(Short text fragments from websites)

· · ·

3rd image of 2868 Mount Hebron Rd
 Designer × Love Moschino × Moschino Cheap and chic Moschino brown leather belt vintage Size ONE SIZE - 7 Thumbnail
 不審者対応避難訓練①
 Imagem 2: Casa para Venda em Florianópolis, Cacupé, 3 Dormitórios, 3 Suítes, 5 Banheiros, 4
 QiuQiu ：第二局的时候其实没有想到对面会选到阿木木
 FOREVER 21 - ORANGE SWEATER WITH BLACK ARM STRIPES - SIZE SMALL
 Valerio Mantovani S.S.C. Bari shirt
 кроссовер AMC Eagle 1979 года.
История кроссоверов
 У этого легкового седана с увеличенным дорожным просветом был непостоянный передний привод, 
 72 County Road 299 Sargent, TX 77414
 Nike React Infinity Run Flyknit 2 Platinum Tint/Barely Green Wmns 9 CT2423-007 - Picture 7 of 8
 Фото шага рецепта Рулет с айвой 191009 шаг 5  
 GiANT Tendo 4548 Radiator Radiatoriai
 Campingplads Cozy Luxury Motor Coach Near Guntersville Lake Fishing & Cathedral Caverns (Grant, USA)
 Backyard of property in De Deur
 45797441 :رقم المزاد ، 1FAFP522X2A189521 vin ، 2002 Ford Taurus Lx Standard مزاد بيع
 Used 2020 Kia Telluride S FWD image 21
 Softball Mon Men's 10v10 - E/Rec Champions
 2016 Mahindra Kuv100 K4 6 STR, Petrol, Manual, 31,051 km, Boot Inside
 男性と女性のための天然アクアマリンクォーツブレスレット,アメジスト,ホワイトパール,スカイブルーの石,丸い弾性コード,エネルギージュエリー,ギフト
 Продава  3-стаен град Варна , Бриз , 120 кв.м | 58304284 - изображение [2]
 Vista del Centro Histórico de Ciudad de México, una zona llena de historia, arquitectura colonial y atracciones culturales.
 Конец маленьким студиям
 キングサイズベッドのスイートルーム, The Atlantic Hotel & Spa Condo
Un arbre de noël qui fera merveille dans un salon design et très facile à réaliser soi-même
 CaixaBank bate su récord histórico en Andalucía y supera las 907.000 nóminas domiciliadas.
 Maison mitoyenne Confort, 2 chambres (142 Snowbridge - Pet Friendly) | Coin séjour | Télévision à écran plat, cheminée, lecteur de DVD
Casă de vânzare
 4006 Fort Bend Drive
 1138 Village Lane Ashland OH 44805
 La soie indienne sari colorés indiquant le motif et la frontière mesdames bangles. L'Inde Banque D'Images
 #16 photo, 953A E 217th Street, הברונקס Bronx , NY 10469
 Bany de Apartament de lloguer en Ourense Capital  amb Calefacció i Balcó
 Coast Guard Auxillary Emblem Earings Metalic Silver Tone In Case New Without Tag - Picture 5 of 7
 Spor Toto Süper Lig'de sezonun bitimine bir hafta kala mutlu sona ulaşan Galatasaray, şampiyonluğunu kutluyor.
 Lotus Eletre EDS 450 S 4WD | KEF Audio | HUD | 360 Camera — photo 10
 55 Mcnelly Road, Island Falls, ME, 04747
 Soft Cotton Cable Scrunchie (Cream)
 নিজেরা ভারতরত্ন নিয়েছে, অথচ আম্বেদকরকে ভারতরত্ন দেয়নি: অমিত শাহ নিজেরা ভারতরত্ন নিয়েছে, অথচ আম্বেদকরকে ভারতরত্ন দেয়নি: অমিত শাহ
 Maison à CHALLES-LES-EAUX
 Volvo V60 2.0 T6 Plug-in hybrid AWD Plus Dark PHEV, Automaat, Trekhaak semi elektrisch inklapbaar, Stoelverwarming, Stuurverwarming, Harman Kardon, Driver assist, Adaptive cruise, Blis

· · ·

Retype exactly the lines above, from the one with "FOREVER 21 - ORANGE" through the one with "У этого легкового", inclusive.

 FOREVER 21 - ORANGE SWEATER WITH BLACK ARM STRIPES - SIZE SMALL
 Valerio Mantovani S.S.C. Bari shirt
 кроссовер AMC Eagle 1979 года.
История кроссоверов
 У этого легкового седана с увеличенным дорожным просветом был непостоянный передний привод, 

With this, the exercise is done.